## DATA BELOW
________________________________________

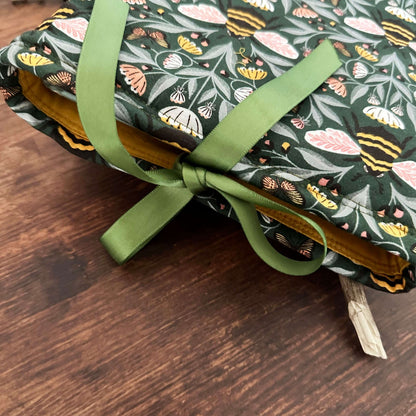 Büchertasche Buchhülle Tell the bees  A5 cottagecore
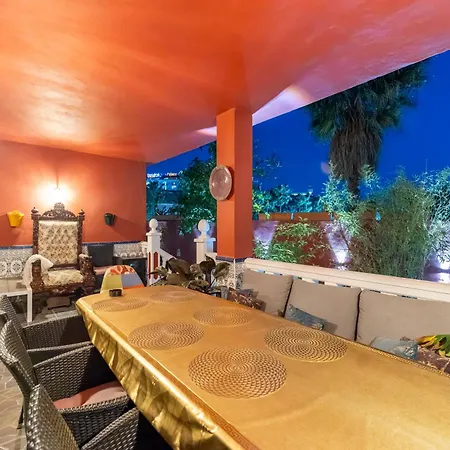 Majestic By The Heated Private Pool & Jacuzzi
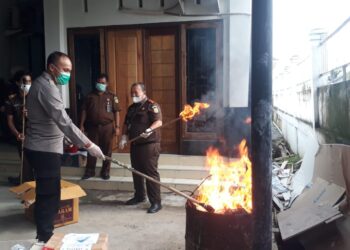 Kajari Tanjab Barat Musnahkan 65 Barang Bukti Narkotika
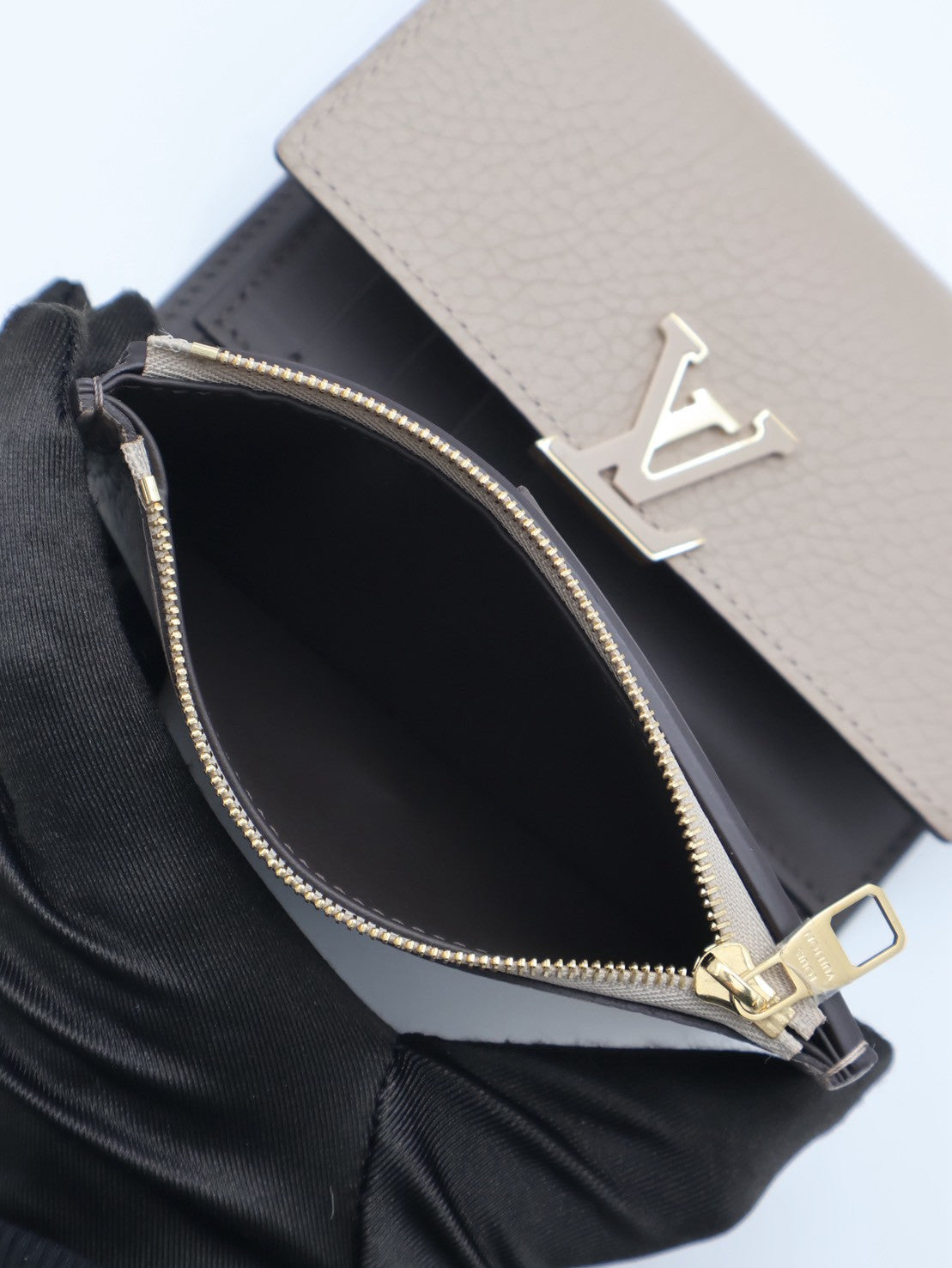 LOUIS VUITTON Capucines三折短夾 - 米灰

________________________________________

## PROBLEM
When you write out the material above, keep every line exact and drop each picture.

## ANSWER SPACE
 Büchertasche Buchhülle Tell the bees  A5 cottagecore
 Majestic By The Heated Private Pool & Jacuzzi
 Kajari Tanjab Barat Musnahkan 65 Barang Bukti Narkotika
 LOUIS VUITTON Capucines三折短夾 - 米灰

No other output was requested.